Tuesday, February 12, 2013

back in Haiti

The last week has been interesting. I’m back in Haiti from a really good visit to my parents in Michigan.  I'm so thankful for those who made that visit possible.  I'm glad to see my friends here again, and I'm especially grateful for the welcome I received on my return.  It surprised me that people had actually noticed I wasn't there and thought it worth mentioning.  And one of my classes at the seminary put up the nicest note on the board to welcome me back.

Do I have nice students or what?

I'm also glad my toes are no longer cold!

Of course, it's still an adjustment. It was only a couple of weeks, but I still nearly drank tap water in my sleepy state the first night.

We’ve had no power for some time now other than the short period of time when the generator goes on to pump water up to the château d’eau (our roof tank), and we're not likely to have it soon unless someone comes up with a new transformer.  Well, it is what it is.  It’s really not difficult to get used to having no lights. Other than my moments of slight trepidation on entering the bathroom (will there be another large spider or scorpion?), I’m perfectly fine with kerosene lamps, candles, and solar-charged flashlights and lanterns. [As an aside, let me just tell you that LLBean’s little solar lantern is far superior to the one from Eddie Bauer; flashlights the same.
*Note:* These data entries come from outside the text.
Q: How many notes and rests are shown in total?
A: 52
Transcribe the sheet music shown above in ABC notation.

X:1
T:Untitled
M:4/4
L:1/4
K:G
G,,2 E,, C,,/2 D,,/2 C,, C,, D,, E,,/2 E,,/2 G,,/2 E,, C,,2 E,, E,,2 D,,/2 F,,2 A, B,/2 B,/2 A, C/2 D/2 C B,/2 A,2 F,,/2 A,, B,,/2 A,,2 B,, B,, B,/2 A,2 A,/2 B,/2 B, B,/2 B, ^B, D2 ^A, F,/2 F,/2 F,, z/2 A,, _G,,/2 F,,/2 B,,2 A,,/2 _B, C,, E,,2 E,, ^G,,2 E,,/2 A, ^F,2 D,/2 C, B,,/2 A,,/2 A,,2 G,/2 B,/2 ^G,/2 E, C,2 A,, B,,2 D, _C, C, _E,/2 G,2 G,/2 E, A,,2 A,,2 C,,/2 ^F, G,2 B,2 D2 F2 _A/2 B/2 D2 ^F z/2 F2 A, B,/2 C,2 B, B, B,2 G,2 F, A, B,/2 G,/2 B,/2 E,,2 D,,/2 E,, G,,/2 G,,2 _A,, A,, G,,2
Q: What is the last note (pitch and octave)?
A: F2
Thankful the latter was half-price so I don’t feel so irritated. That’s what it’s worth.]

I love my solar stuff.  And the LLBean lantern has my  permanent vote.
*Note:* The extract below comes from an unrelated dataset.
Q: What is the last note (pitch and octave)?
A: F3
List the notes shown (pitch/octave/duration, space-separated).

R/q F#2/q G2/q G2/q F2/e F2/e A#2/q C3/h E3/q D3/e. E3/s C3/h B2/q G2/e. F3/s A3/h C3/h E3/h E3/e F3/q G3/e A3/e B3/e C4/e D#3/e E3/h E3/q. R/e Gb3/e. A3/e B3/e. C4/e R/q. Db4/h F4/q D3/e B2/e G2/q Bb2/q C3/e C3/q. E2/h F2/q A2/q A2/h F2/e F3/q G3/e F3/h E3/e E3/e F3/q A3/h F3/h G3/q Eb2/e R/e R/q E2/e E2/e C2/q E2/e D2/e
The two things that are the biggest pain in the neck are the lack of an iron and the lack of refrigeration. Now you might think that the former was not a big deal. However, this is Haiti. Everyone irons everything within an inch of its life. I fully intend later this week to learn to use one of the old ones filled with charcoal, which will make me look less of a ragbag. However, that won’t do for the altar linen order I’ve received back from the embroiderer, which needs to be washed and ironed before being sent out. I’m planning to go to our home for elderly women and spend the day there with it later on. Refrigeration, now – that’s not fun. Cheese isn’t very good when it’s been sitting around a while. But our milk comes powdered or in little cans, condensed, and we buy ice some days so as to have something cool to drink, so it’s not the end of the world.
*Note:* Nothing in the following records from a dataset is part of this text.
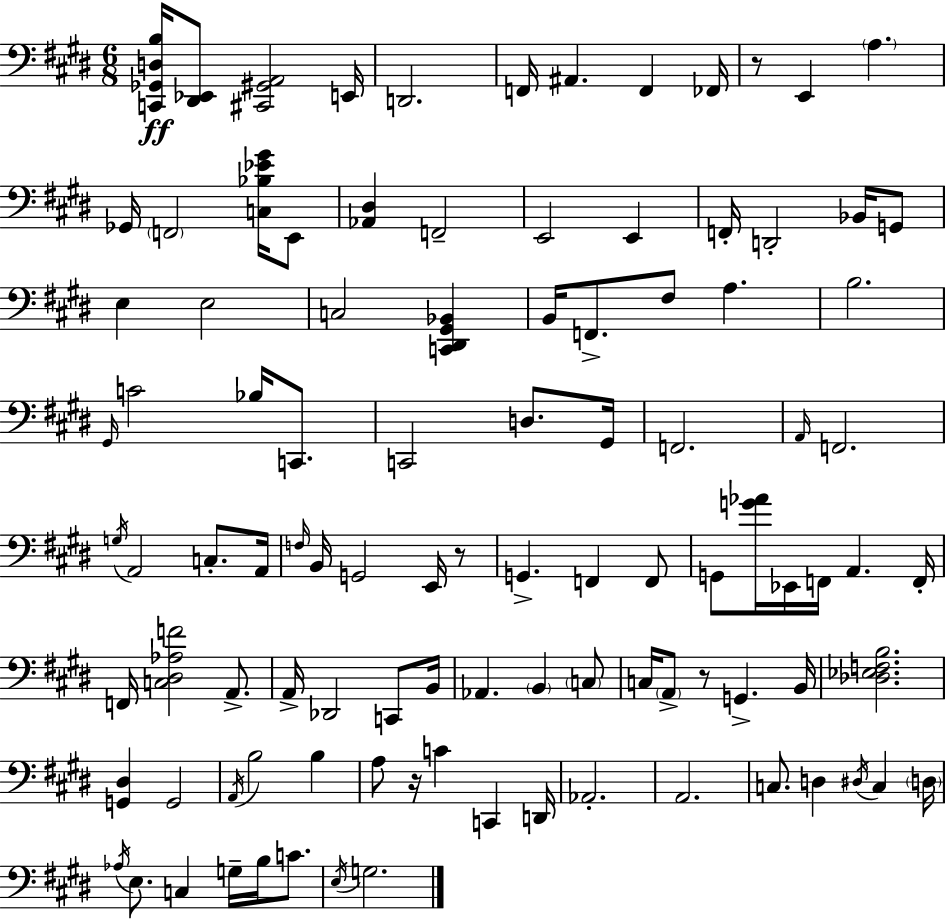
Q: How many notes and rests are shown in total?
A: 102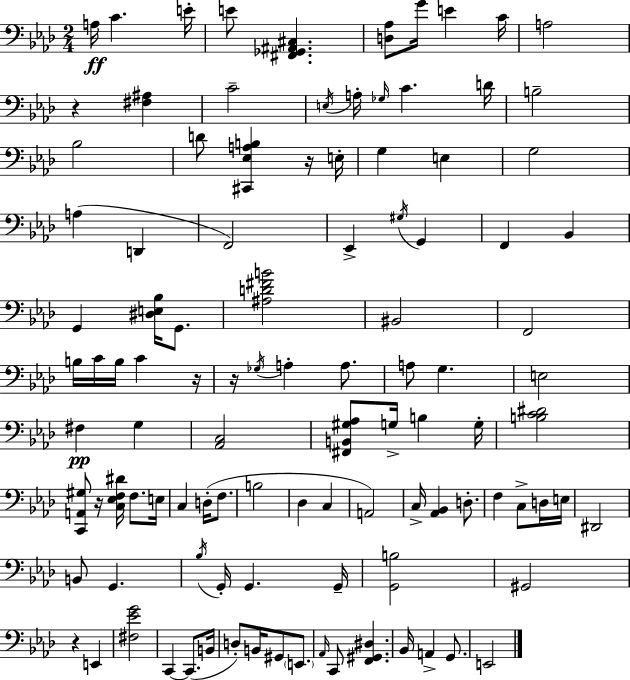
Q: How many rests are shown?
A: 6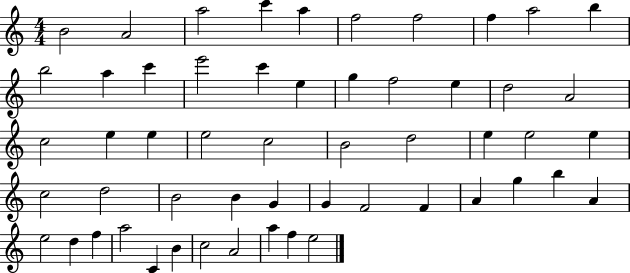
B4/h A4/h A5/h C6/q A5/q F5/h F5/h F5/q A5/h B5/q B5/h A5/q C6/q E6/h C6/q E5/q G5/q F5/h E5/q D5/h A4/h C5/h E5/q E5/q E5/h C5/h B4/h D5/h E5/q E5/h E5/q C5/h D5/h B4/h B4/q G4/q G4/q F4/h F4/q A4/q G5/q B5/q A4/q E5/h D5/q F5/q A5/h C4/q B4/q C5/h A4/h A5/q F5/q E5/h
So what surprises me now is to realize that my friends and sisters up in the northeast have it much worse. I gather the convent lost power and heat in this snowstorm, though I have no details. They have the wherewithal to take care of themselves, but there must be many who cannot. What about the elderly who have no one to check on them and can’t drive? It’s much worse to lose power up there than down here, at least in the winter. We don’t risk freezing to death. I trust the power will be back on soon up there, though, as it will not be here – but it’s a good reminder to all of us to take nothing for granted.